Work item
From the data that follows, print exactly the lines starting at the one containing "Amo - Rumi Tee - ROSETTE" and ending at the one containing "NAVITEL RS3 DUO WIDE"; include both of them and nothing more.

Provided entries
☆ ☆ ☆ ☆ ☆ ☆ ☆
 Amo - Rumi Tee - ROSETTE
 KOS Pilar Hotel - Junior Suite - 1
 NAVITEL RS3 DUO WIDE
☆ ☆ ☆ ☆ ☆ ☆ ☆
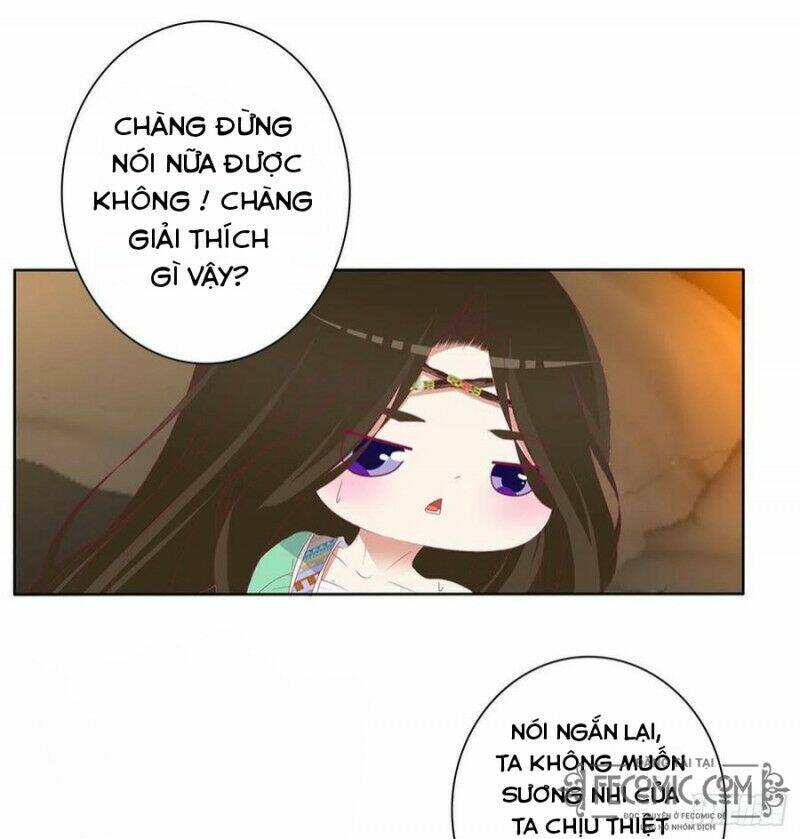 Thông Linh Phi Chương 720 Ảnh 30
☆ ☆ ☆ ☆ ☆ ☆ ☆
Response
 Amo - Rumi Tee - ROSETTE
 KOS Pilar Hotel - Junior Suite - 1
 NAVITEL RS3 DUO WIDE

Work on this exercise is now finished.